Image-text web data
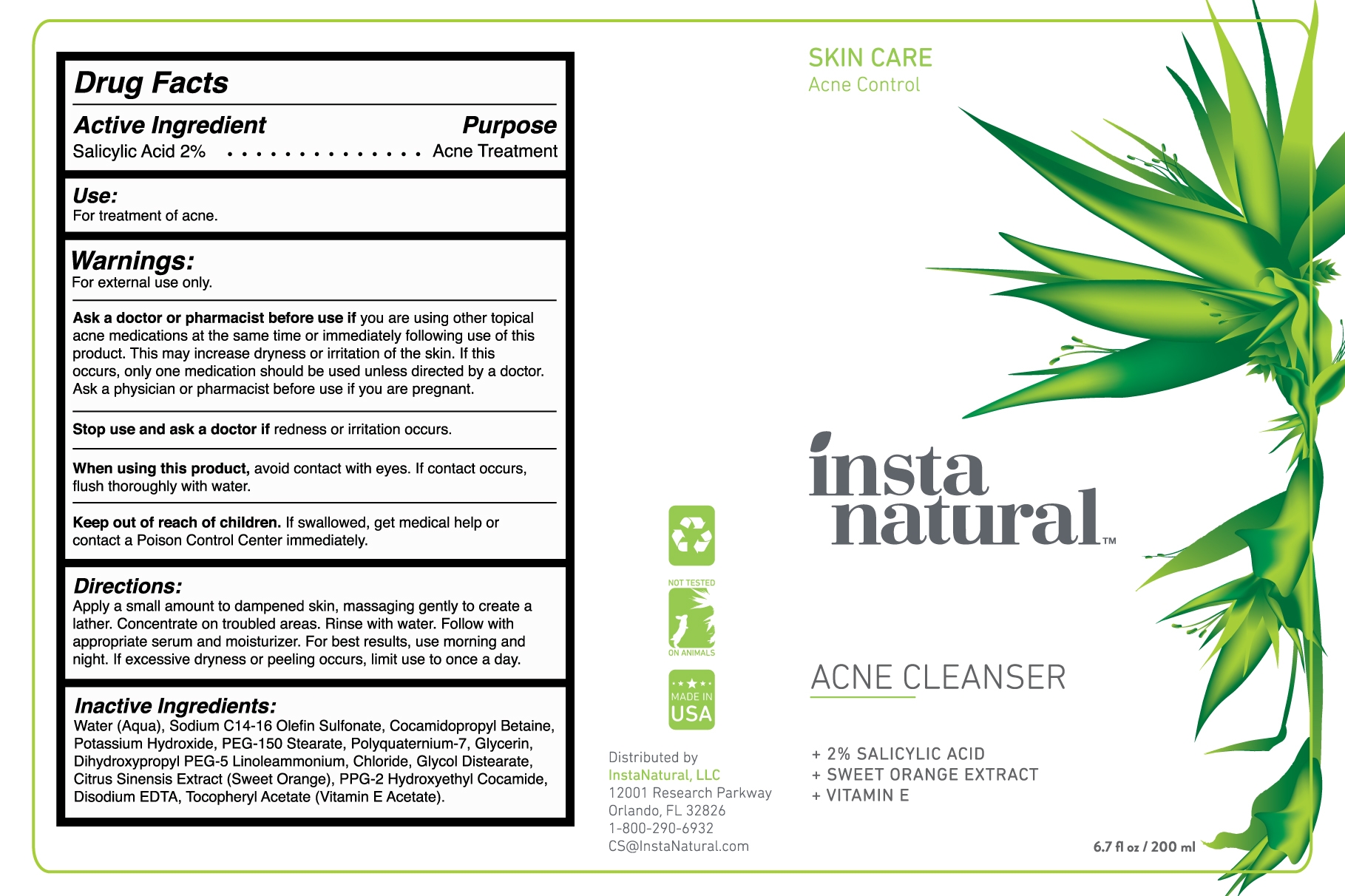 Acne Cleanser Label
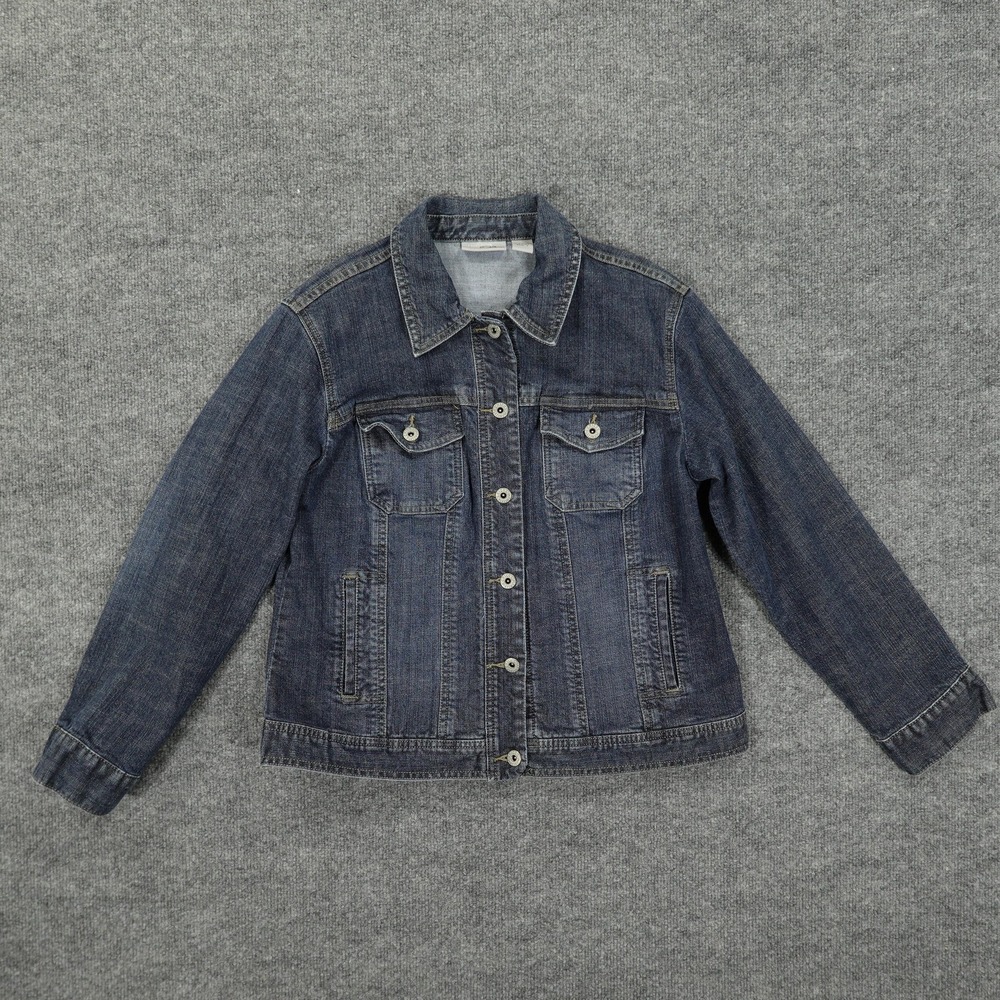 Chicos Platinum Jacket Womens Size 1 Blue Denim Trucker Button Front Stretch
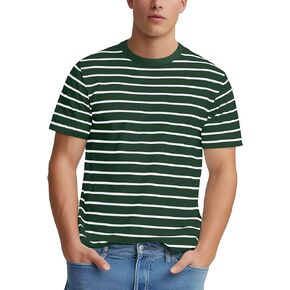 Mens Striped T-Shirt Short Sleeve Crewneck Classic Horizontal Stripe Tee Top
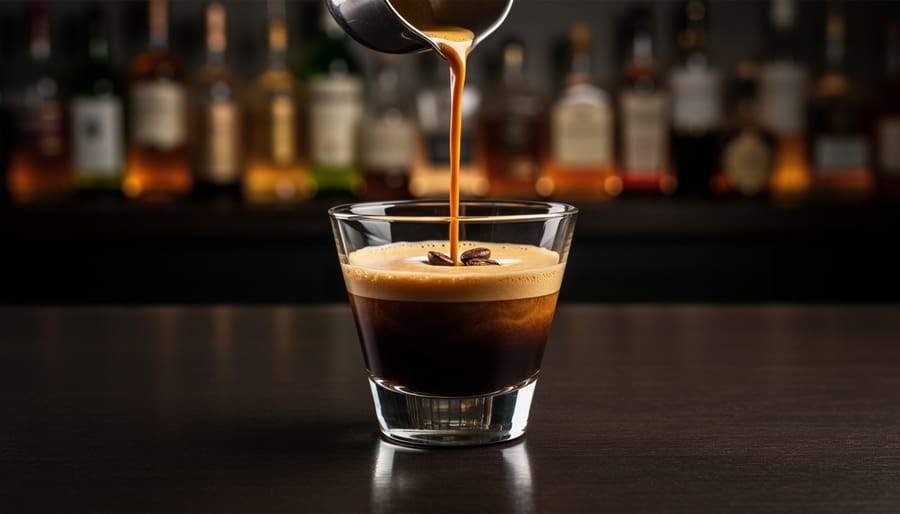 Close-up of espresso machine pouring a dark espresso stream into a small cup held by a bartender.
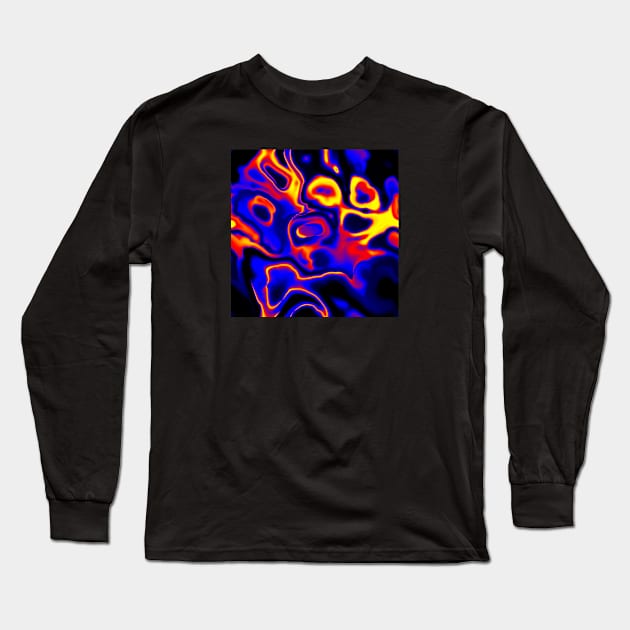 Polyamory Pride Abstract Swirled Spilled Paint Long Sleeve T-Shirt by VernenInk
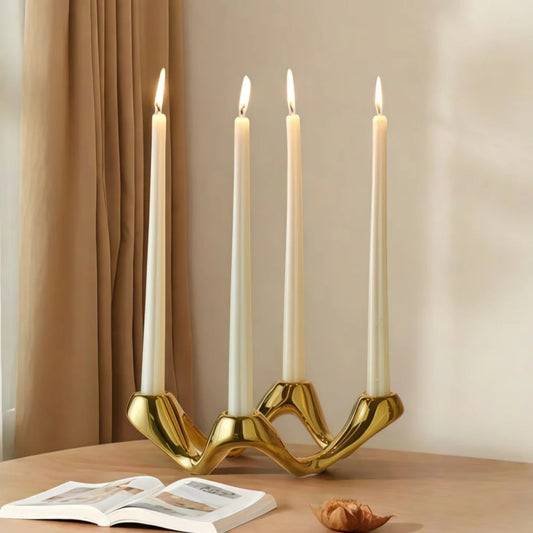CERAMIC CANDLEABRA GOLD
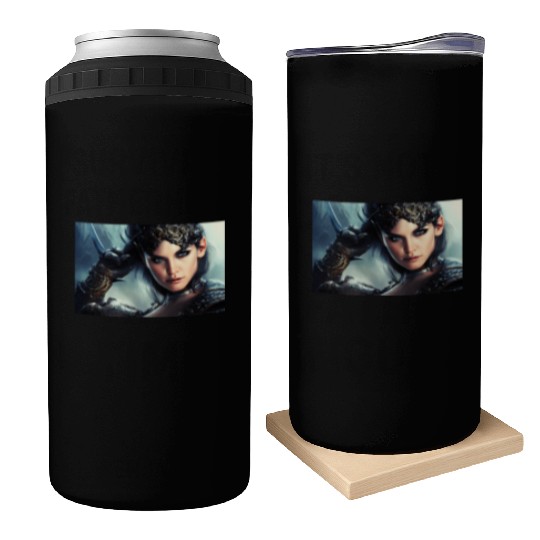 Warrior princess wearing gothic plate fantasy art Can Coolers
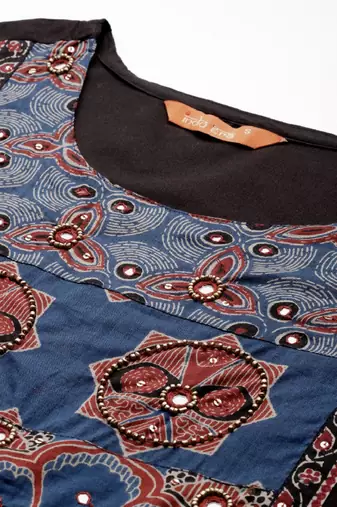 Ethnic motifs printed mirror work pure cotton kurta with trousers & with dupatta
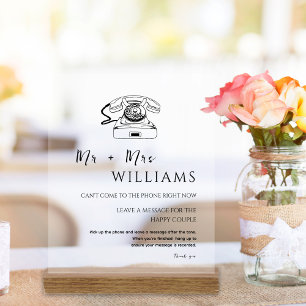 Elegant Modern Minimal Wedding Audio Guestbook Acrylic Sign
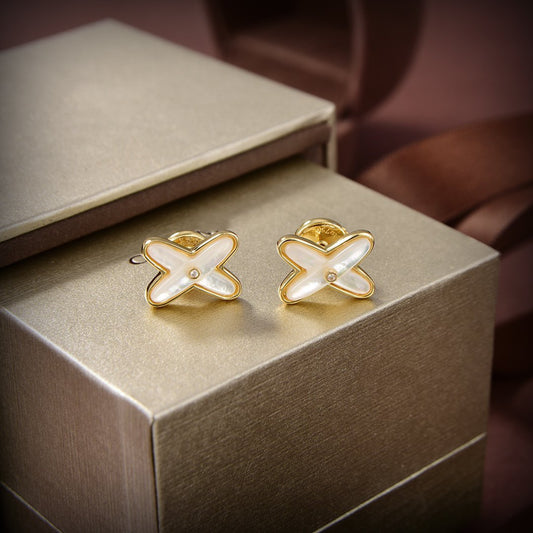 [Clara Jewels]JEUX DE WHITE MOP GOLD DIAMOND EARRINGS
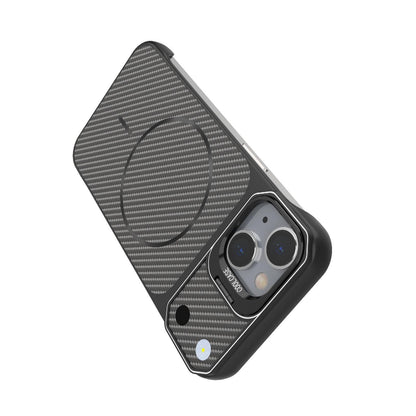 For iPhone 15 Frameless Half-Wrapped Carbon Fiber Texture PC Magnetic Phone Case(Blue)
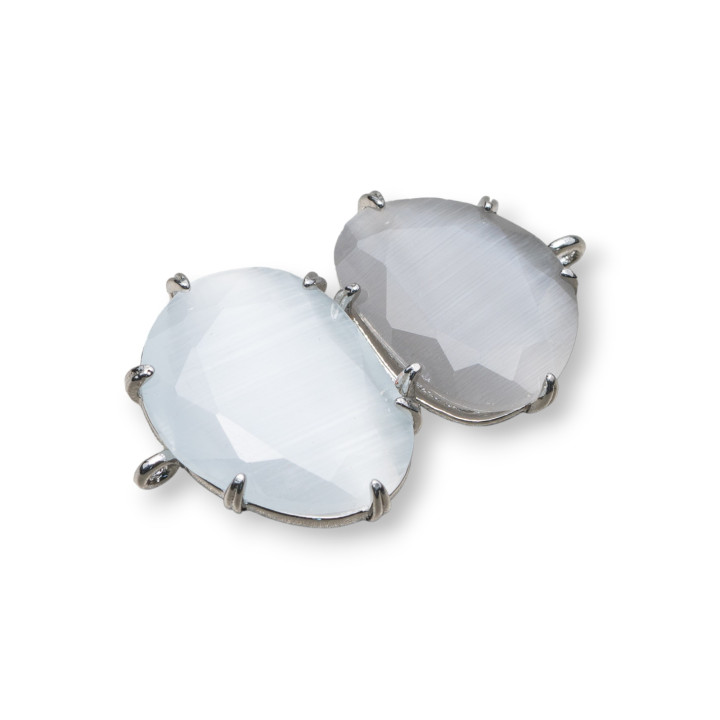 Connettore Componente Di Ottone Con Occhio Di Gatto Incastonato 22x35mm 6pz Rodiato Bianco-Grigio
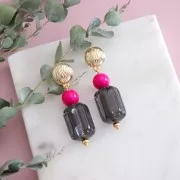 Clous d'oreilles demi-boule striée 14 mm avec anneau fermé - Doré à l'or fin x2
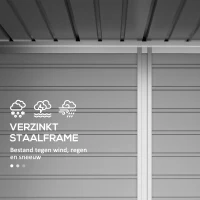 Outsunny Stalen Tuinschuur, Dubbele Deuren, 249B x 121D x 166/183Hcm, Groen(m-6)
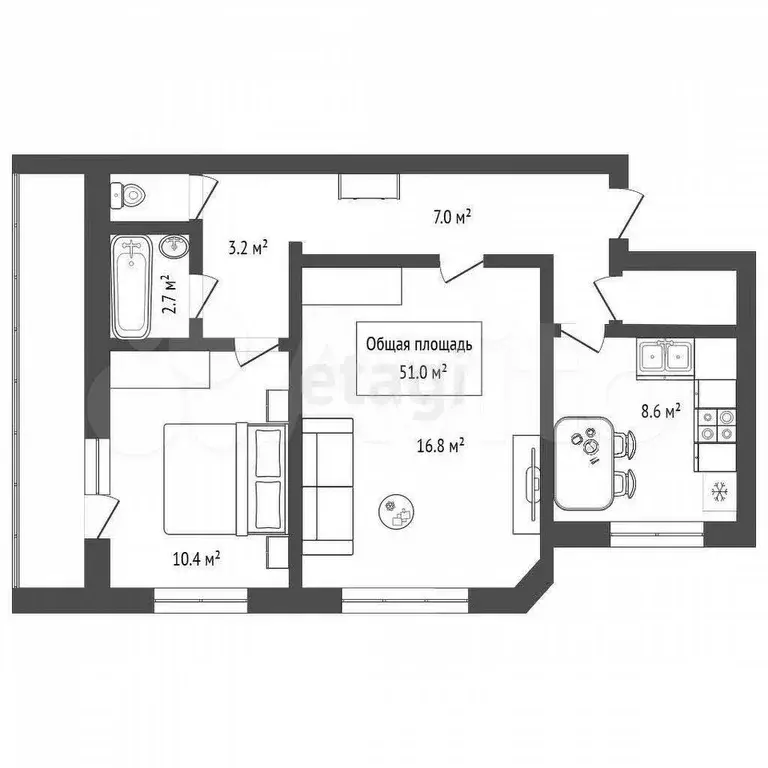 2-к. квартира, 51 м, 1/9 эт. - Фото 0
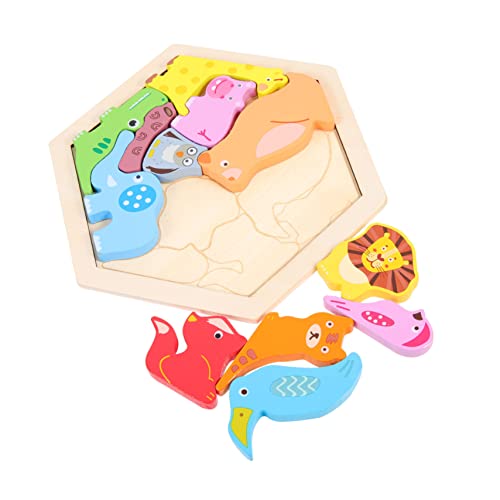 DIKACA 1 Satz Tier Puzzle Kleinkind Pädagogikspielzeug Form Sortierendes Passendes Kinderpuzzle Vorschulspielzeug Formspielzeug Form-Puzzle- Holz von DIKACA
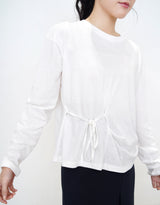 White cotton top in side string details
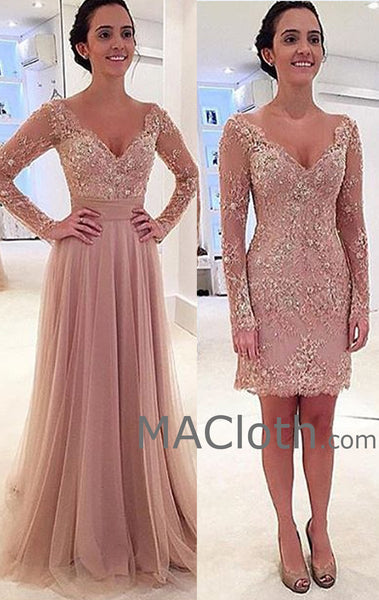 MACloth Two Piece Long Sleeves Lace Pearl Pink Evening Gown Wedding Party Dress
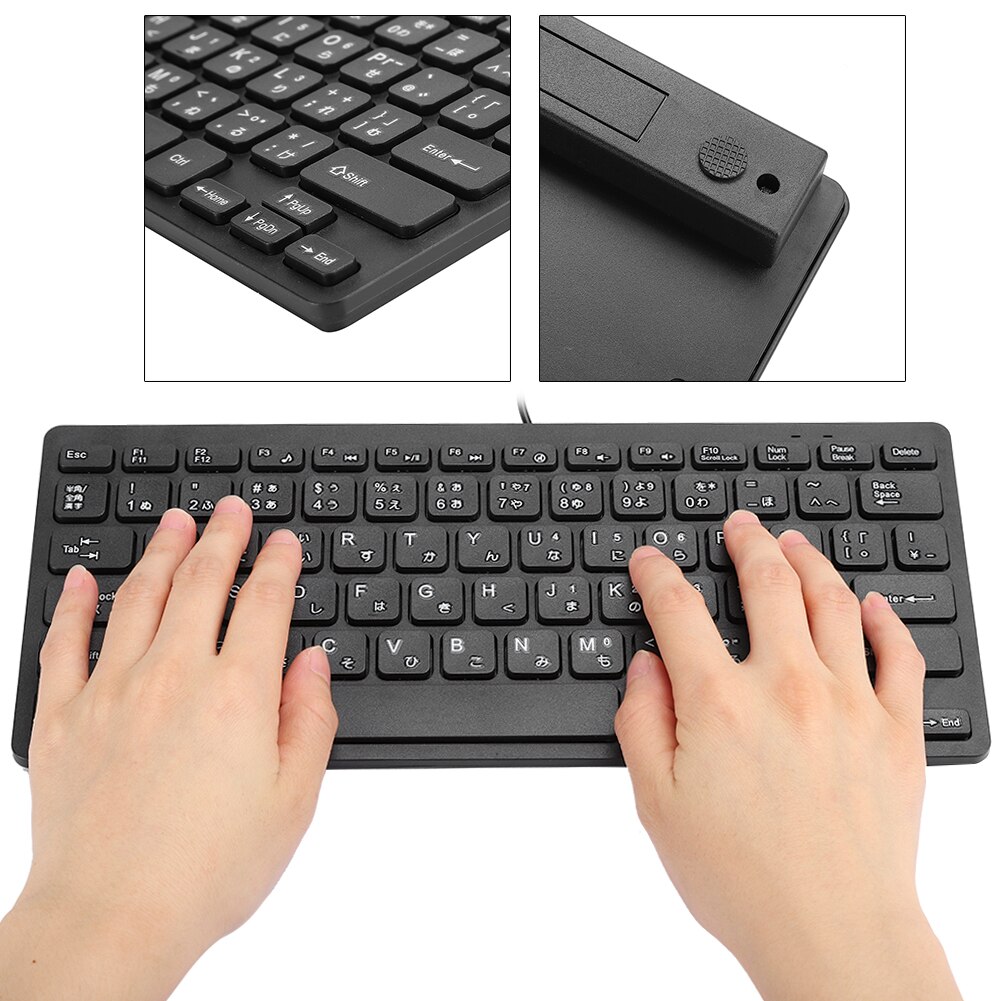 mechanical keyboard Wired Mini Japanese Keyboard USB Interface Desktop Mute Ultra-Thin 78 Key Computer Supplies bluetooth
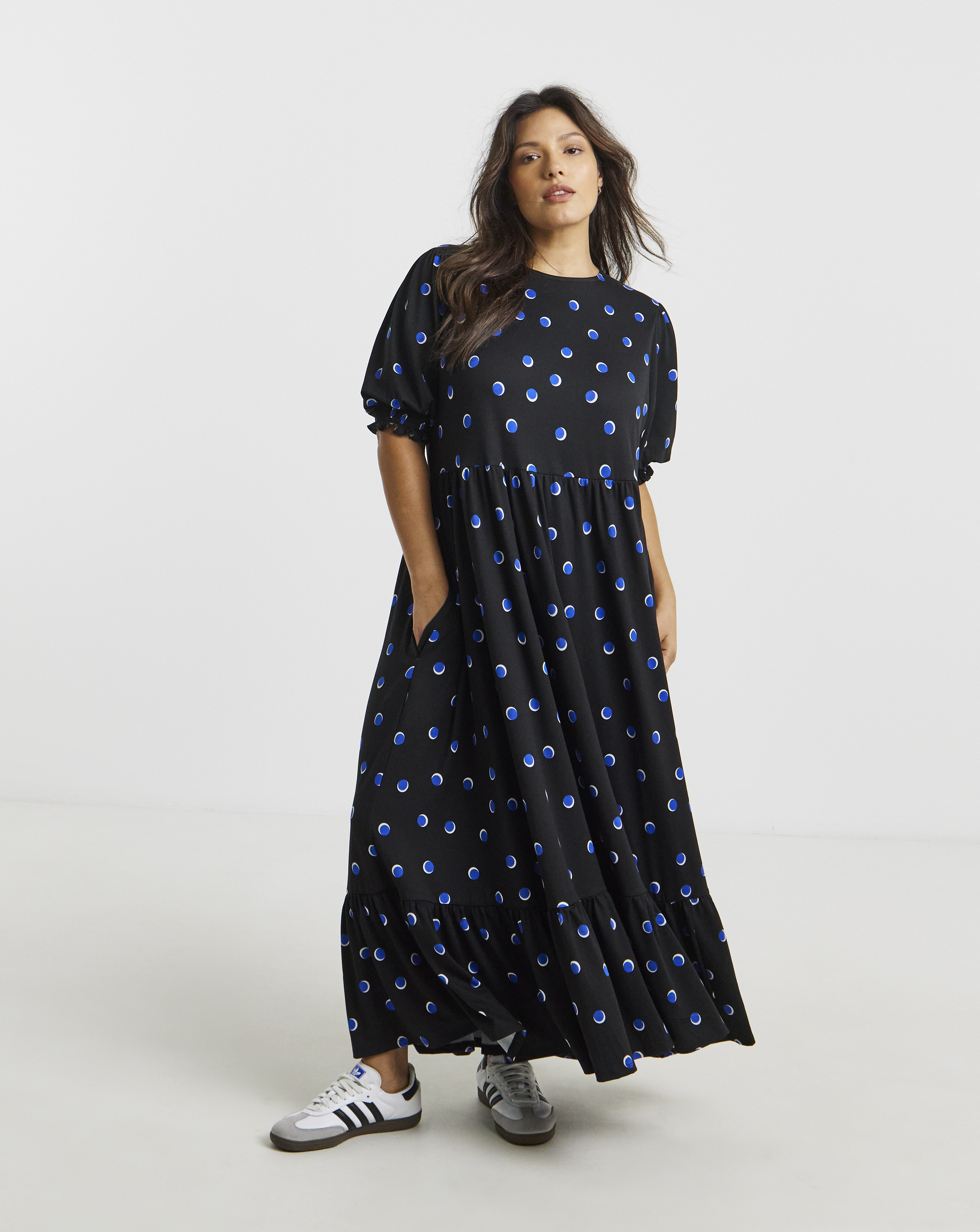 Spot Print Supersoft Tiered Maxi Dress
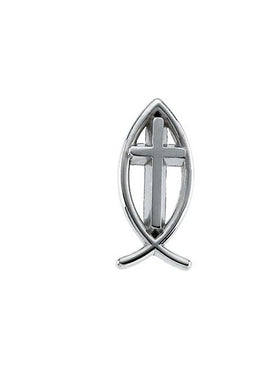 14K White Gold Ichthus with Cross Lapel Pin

# [Assignment]
Above, find the line with "Connettore Componente Di"; copy it and every line down to the line with "White cotton top in side string details", exactly and both included, but no pictures.

# [Reply to the task]
 Connettore Componente Di Ottone Con Occhio Di Gatto Incastonato 22x35mm 6pz Rodiato Bianco-Grigio
 Clous d'oreilles demi-boule striée 14 mm avec anneau fermé - Doré à l'or fin x2
 Outsunny Stalen Tuinschuur, Dubbele Deuren, 249B x 121D x 166/183Hcm, Groen(m-6)
 2-к. квартира, 51 м, 1/9 эт. - Фото 0
 DIKACA 1 Satz Tier Puzzle Kleinkind Pädagogikspielzeug Form Sortierendes Passendes Kinderpuzzle Vorschulspielzeug Formspielzeug Form-Puzzle- Holz von DIKACA
 White cotton top in side string details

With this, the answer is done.